Must contain at least 1 image with a fibrous cap thickness (FCT) of less than or equal to 120 μm and at least 1 image with a lipid arc of greater than 90° as determined by the imaging core laboratory Distal plaques of up to 50% stenosis by visual angiographic estimation are permitted, provided that such stenosis is not a target for PCI or CABG.

• ST-segment elevation myocardial infarction (STEMI) or left bundle branch block (LBBB).
• Acute coronary syndromes (ACS) likely to be caused by a non-atherosclerotic process, in the opinion of the investigator (ie, type 2 myocardial infarction, which is characterized by an imbalance between myocardial oxygen demand and supply).
• Clinically significant heart disease which in the opinion of the investigator is likely to require coronary bypass surgery, PCI (does not apply to PCI of non-STEMI (NSTEMI) during initial screening angiogram), surgical or percutaneous valve repair and/or replacement during the course of the study.
• Any cardiac surgery within 6 weeks prior to screening.
• Triglycerides greater than or equal to 400 mg/dL (4.5 mmol/L) at screening.
• Moderate to severe renal dysfunction, defined as an estimated glomerular filtration rate (eGFR) less than 30 mL/min/1.73m^2 at screening.
• Malignancy except non-melanoma skin cancers, cervical, or breast ductal carcinoma in situ within the last 5 years.

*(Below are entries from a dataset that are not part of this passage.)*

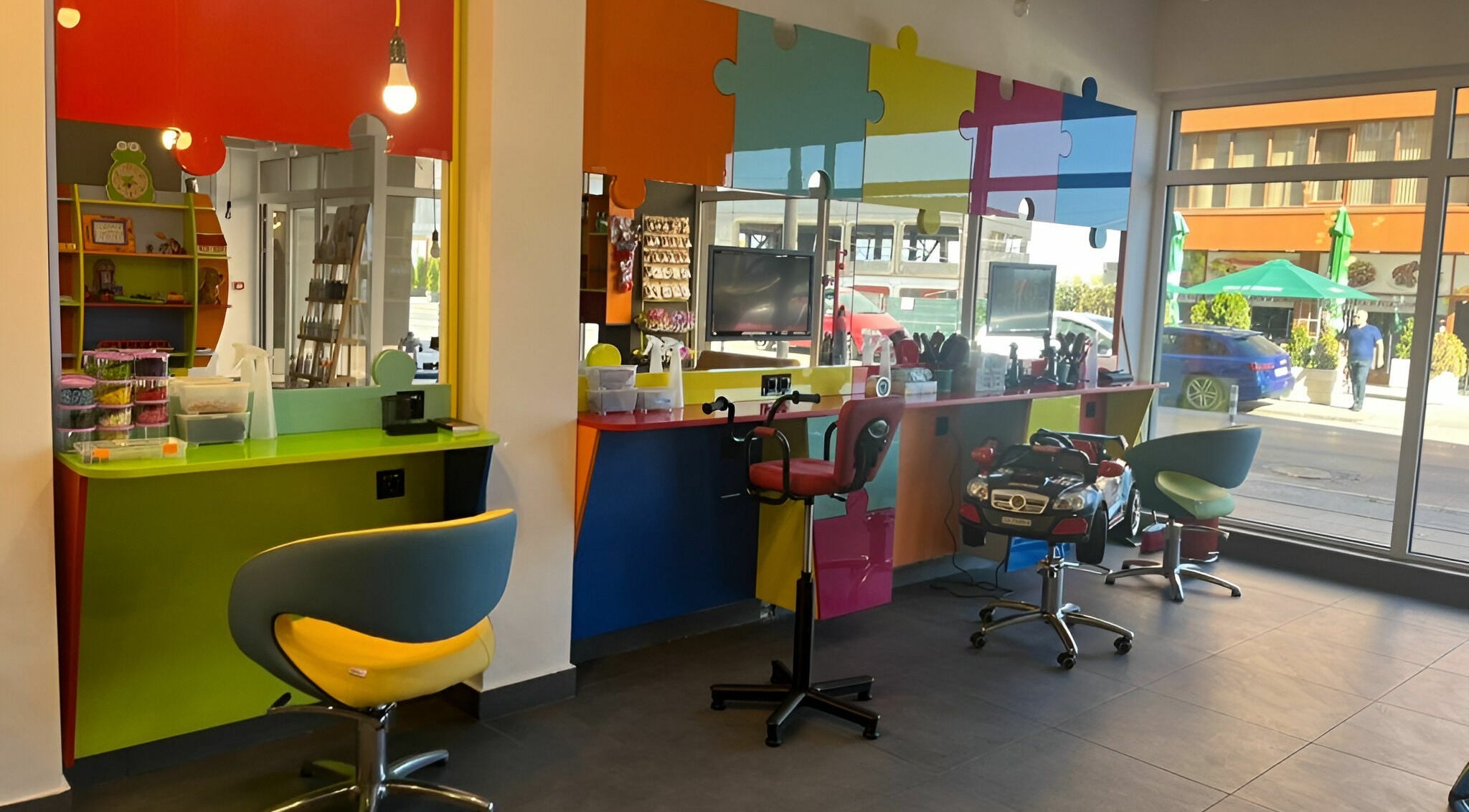 Цветно студио в ПЪЗЕЛ София кв. Младост 4, София, София, BG с модерно обзавеждане.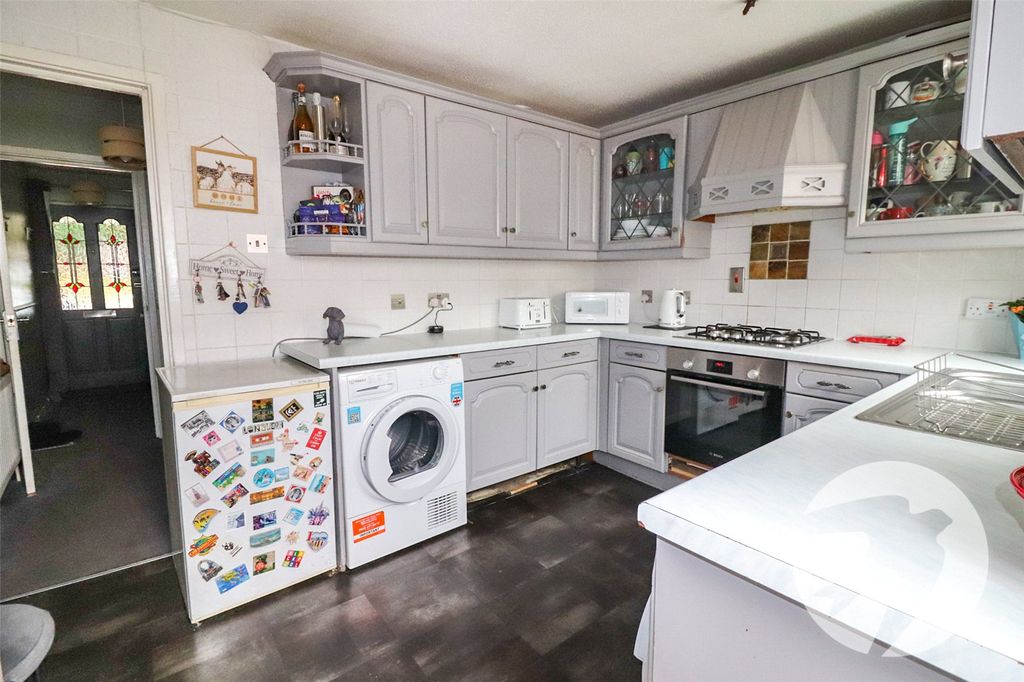 Property photo 2 of 12 Picture No. 16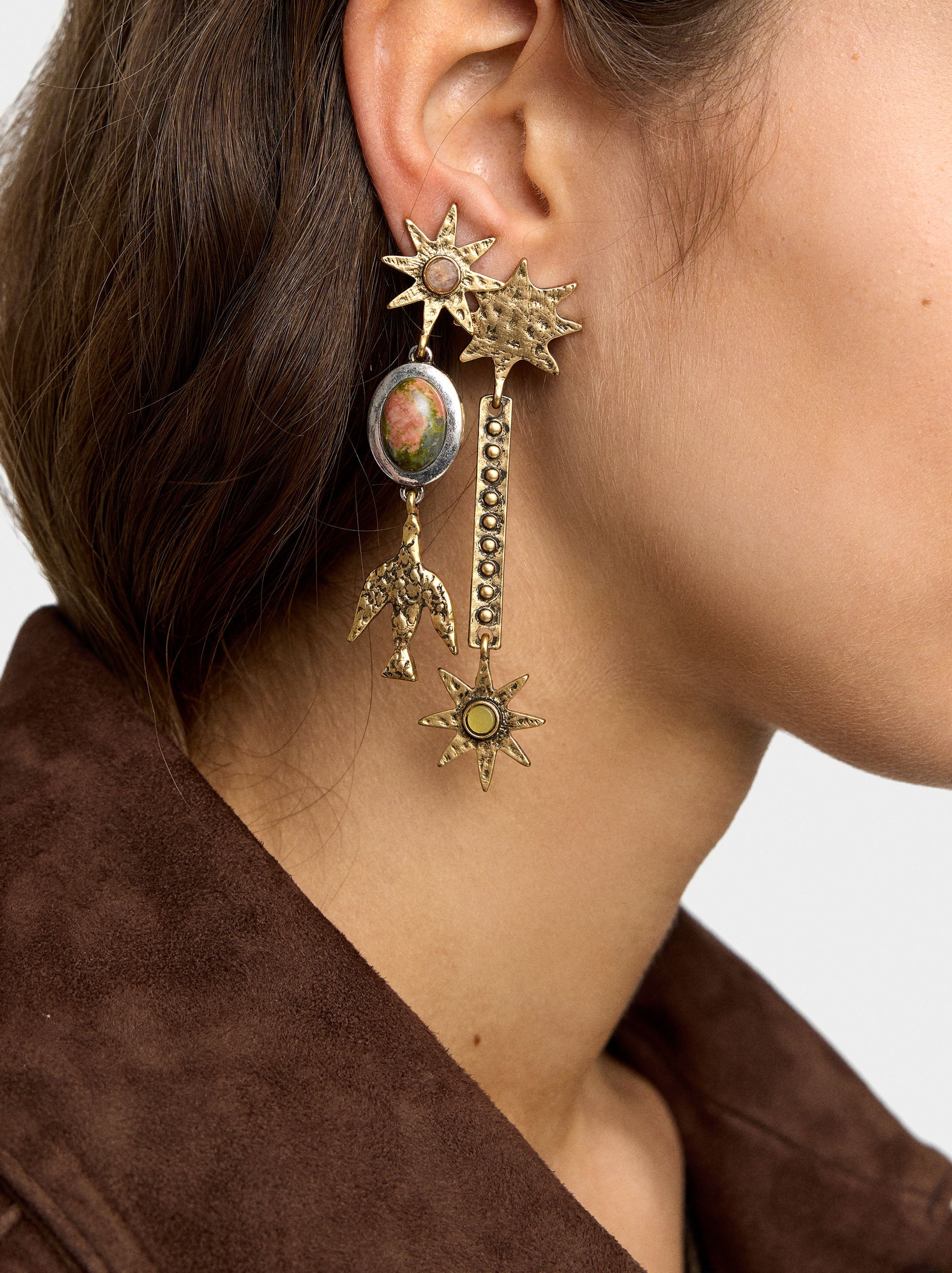 Pendientes Asimétricos Con Estrellas Y Barras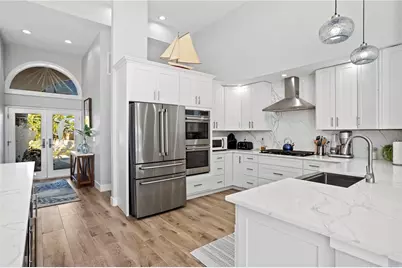 223 Palm Island SW, Clearwater, FL 33767 - Photo 13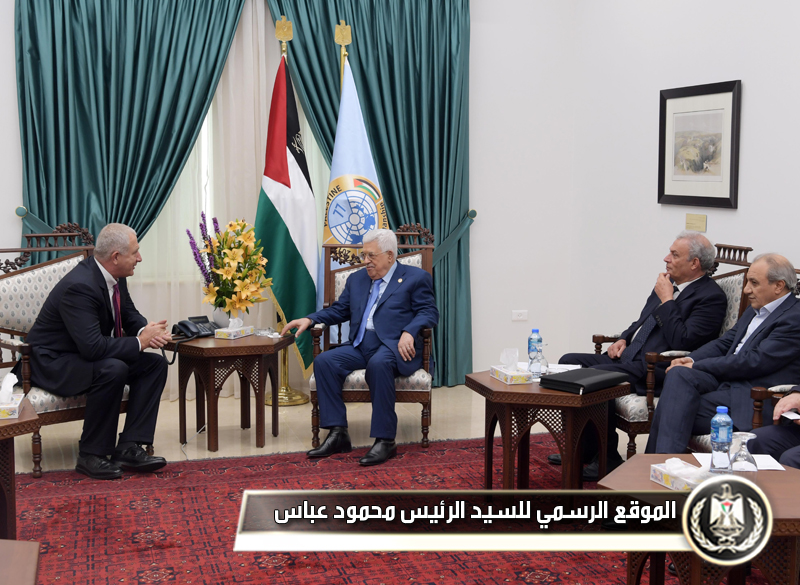 الرئيس عباس يستقبل السفير 
الروسي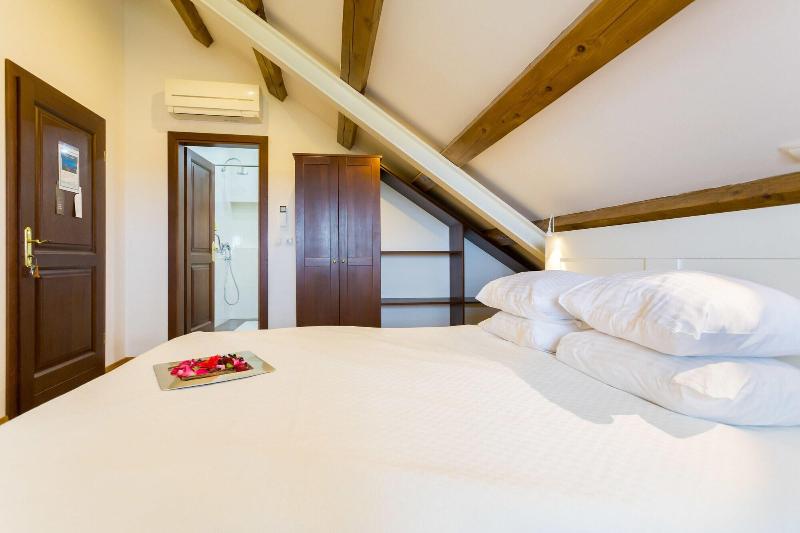 Villa Anica image
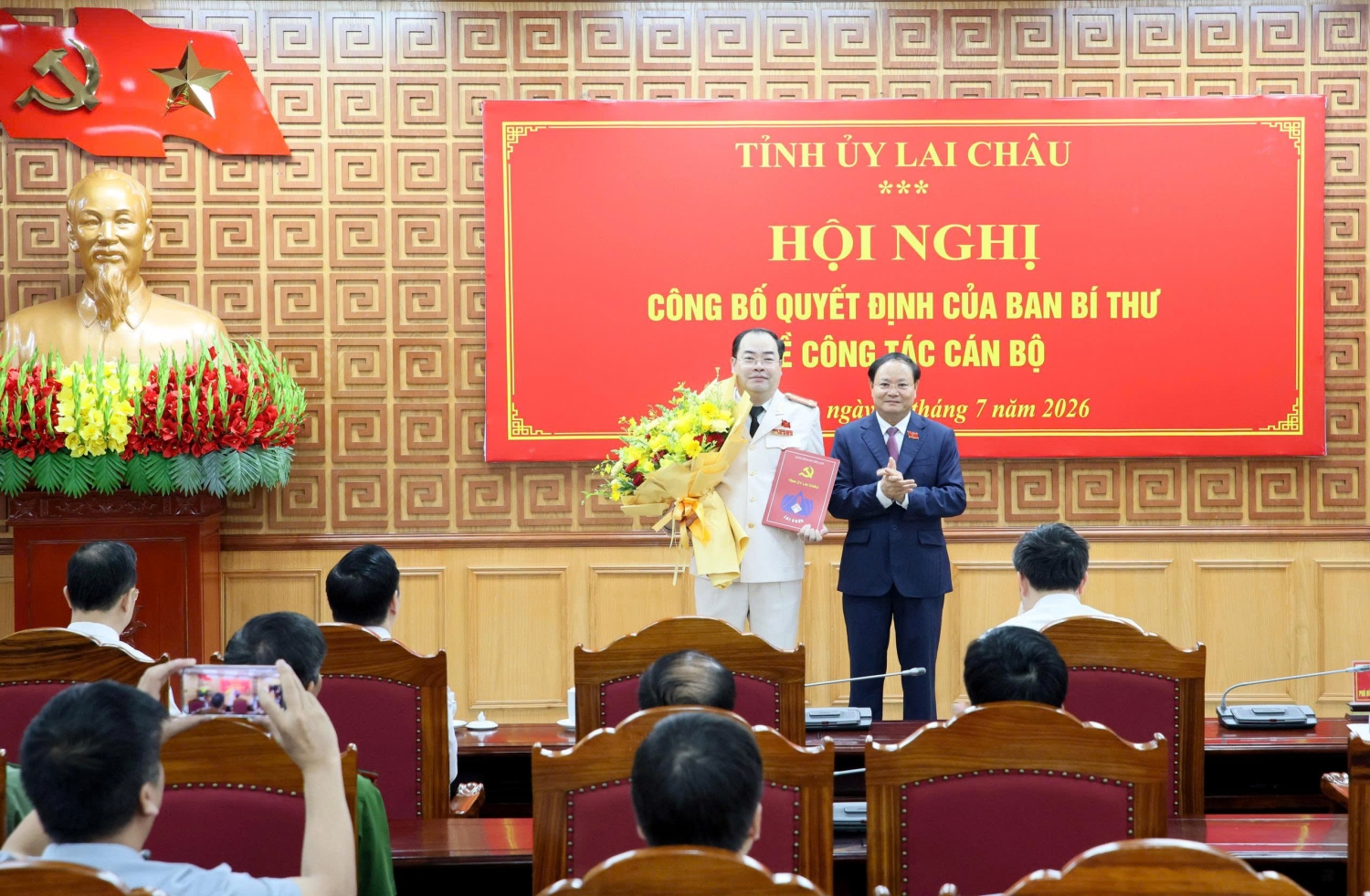 Thừa uỷ quyền Ban Bí thư, đồng chí Lê Minh Ngân - Bí thư Tỉnh uỷ trao quyết định, tặng hoa chúc mừng đồng chí Đại tá Bùi Quyết Toán - Giám đốc Công an tỉnh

• Intolerant to statins as determined by principal investigator.
• Previously received or receiving evolocumab or any other therapy to inhibit proprotein convertase subtilisin/kexin type 9 (PCSK9).
• Previously received a cholesterol ester transfer protein (CETP) inhibitor (ie, anacetrapib, dalcetrapib, evacetrapib), mipomersen, lomitapide, or has undergone LDL-apheresis in the last 12 months prior to LDL-C screening.
• Currently receiving treatment in another investigational device or drug study, or less than 30 days since ending treatment on another investigational device or drug study(ies). Other investigational procedures while participating in this study are excluded.
• Baseline OCT does not meet OCT imaging criteria as determined by the imagine core laboratory technical standards.
• Female subject is pregnant or breastfeeding or planning to become pregnant or breastfeed during treatment and for an additional 15 weeks after the last dose of investigational product. (Females of childbearing potential should only be included in the study after a confirmed menstrual period and a negative highly sensitive urine or serum pregnancy test.)
• Female subjects of childbearing potential unwilling to use 1 acceptable method of effective contraception during treatment and for an additional 15 weeks after the last dose of investigational product.
• Female subject who has not used an acceptable method(s) of birth control for at least 1 month prior to screening, unless the female subject is sterilized or postmenopausal.
• Known sensitivity to any of the products or components (eg, carboxymethylcellulose) to be administered during dosing.